:: DATASET RECORDS ::

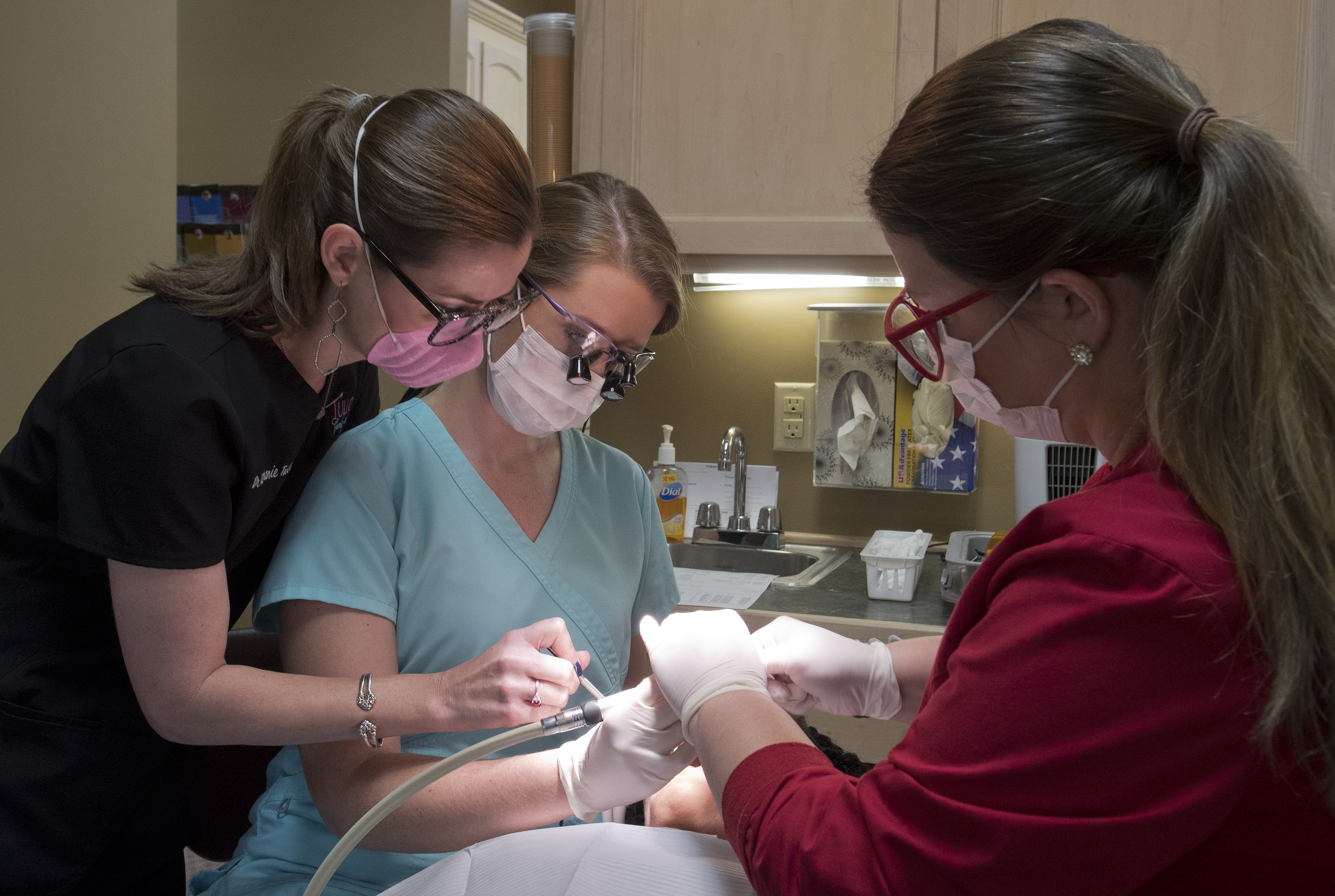 New program places dental students in rural communities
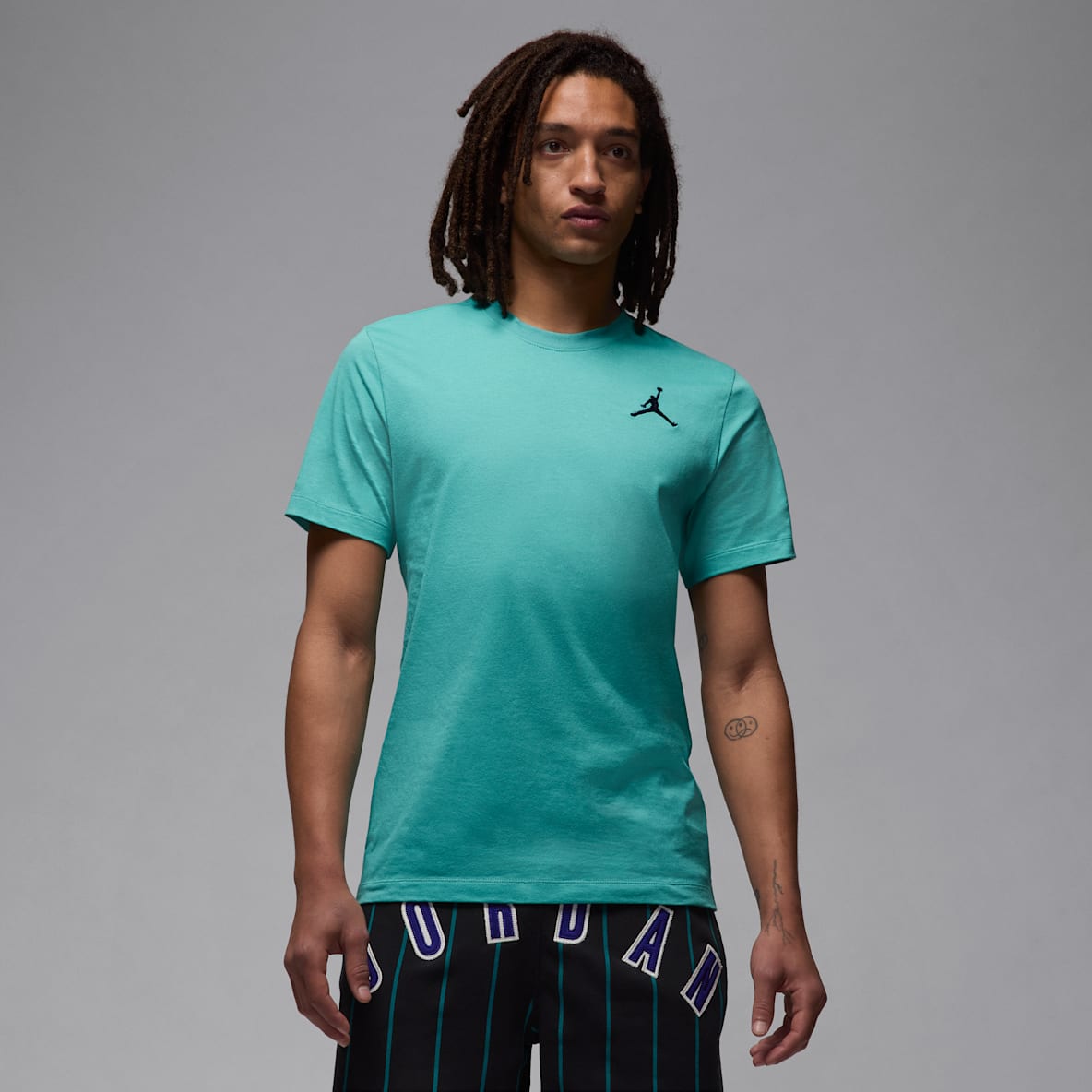 Jordan Jumpman Jordan Jumpman Men's Short-Sleeve T-Shirt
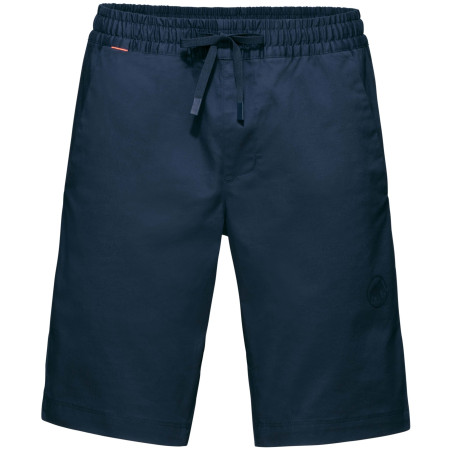 Short homme Mammut Camie Shorts Men bleue marine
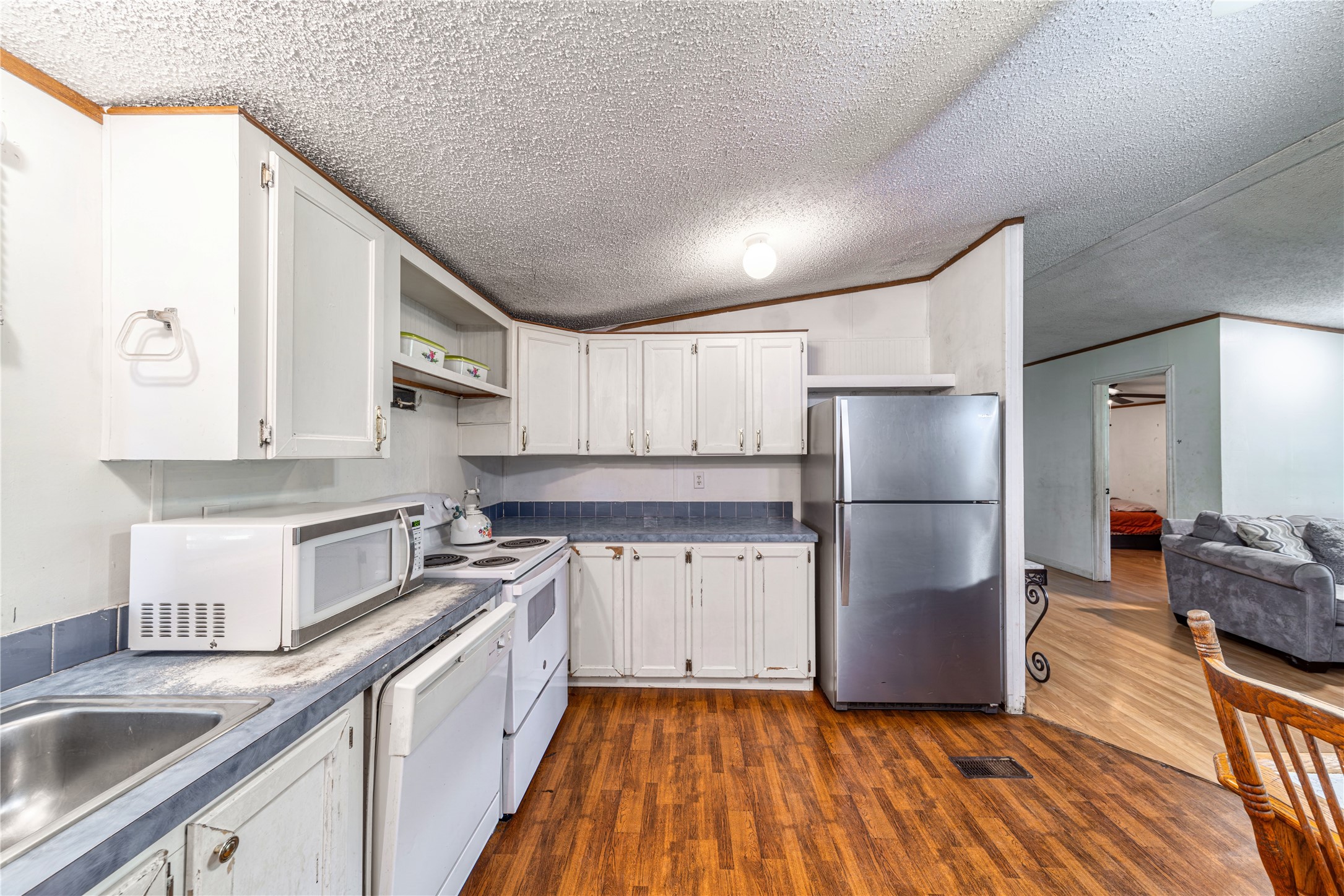 5401 E Cheryl Lane Kaufman TX 75142
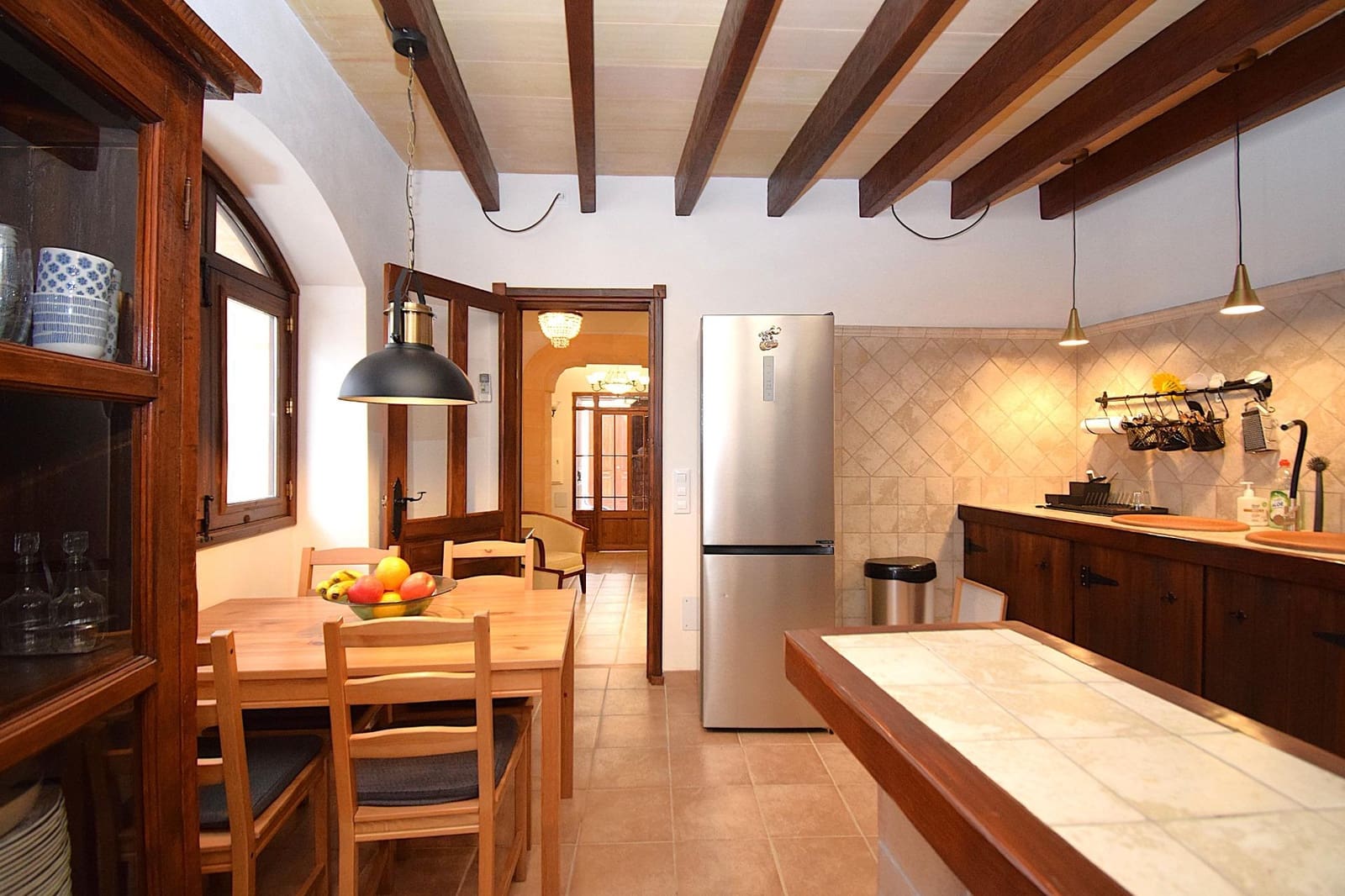 3 sypialnia Dom szeregowy na sprzedaż w Muro z garażem - 500 000 € (Ref: 9755908)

:::

__THE PROBLEM__.
Where the data includes pictures, leave them out and write out everything else exactly.

__SOLUTION FOR THIS PROBLEM__.
 New program places dental students in rural communities
 Jordan Jumpman Jordan Jumpman Men's Short-Sleeve T-Shirt
 Short homme Mammut Camie Shorts Men bleue marine
 5401 E Cheryl Lane Kaufman TX 75142
 3 sypialnia Dom szeregowy na sprzedaż w Muro z garażem - 500 000 € (Ref: 9755908)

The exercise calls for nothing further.